On a tant parlé d'Afrique ces derniers temps, de son potentiel et de ses défis stratégiques au premier desquels se hisse désormais la problématique migratoire. C'est ce qui explique que pour l'essentiel, les stratégies de développement des principaux partenaires internationaux du continent ainsi que les discours sur les perspectives africaines inscrivent cette crise qui inquiète surtout l'opinion africaine comme une des priorités à prendre en charge pour les gouvernements africains. Ce qui pousse ces derniers à adopter progressivement des politiques publiques sensées apporter des réponses à cette situation mais qui tiennent en un objectif : freiner l'arrivée massive des migrants et autres réfugiés sur les sols européens.

Si les gouvernements des pays africains se laissent insidieusement berner par cette nouvelle stratégie occidentale, adossée il est vrai à des contreparties financières, c'est loin d'être le cas pour les véritables acteurs du développement du continent. Il est vrai qu'elles sont rares les occasions où il est demandé leur avis aux décideurs politiques, acteurs économiques ou spécialistes des questions de développement sur le continent qui ont pourtant beaucoup de choses à dire sur la question et plus, une autre vision à proposer.

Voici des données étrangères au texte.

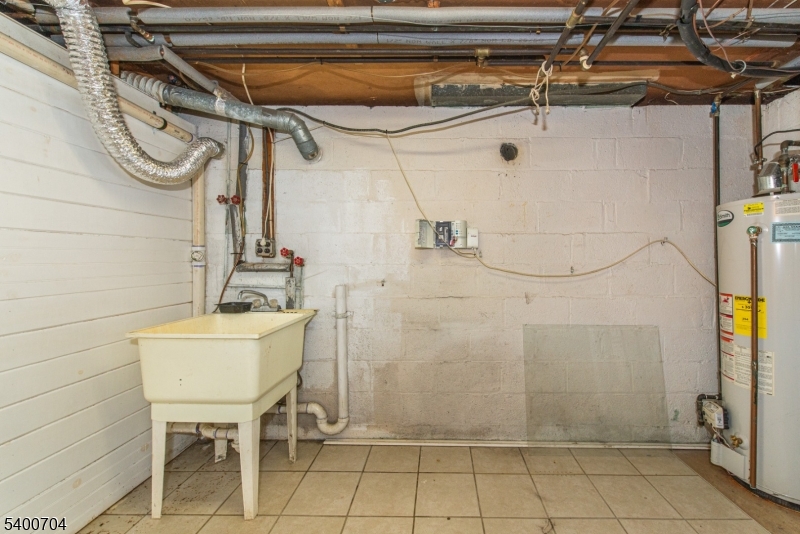 17 Cedar Street Bloomfield, NJ 07003 - Photo 14 of 21 a bathroom with a sink and a mirror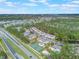 A wide aerial view of apartment homes with a community pool, a playground, tennis court, and highway at 2047 Royal Bay Blvd # 21, Kissimmee, FL 34746
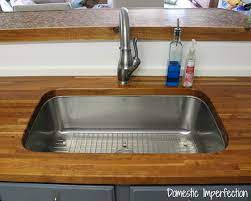 An undermount sink can especially improve the functionality and style of a wood counter top if installed correctly. My Butcher Block Countertops Two Years Later Domestic Imperfection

Ce n'est en tout cas pas les avis sur le sujet qui manquent et la seconde édition de la conférence internationale Africa Convergence qui s'est tenue ce vendredi 29 septembre 2017 à Casablanca au Maroc organisée par La Tribune Afrique, a permis de mettre en lumière une autre perception de cette problématique venue "d'ailleurs". C'est du reste, l'une des premières particularités de l'événement qui se veut avant tout comme « un rendez-vous du donner et du recevoir » et ensuite comme une plate-forme d'échanges sur les vraies problématiques d'un continent en marche. L'objectif, selon Abdelmalek Alaoui, CEO de Guépard et éditorialiste à La Tribune Afrique, de « proposer au public un angle de vision différent qui donnerait à voir une autre perspective que celle traditionnellement présentée, souvent partagée en afro-optimistes et afro-pessimistes ».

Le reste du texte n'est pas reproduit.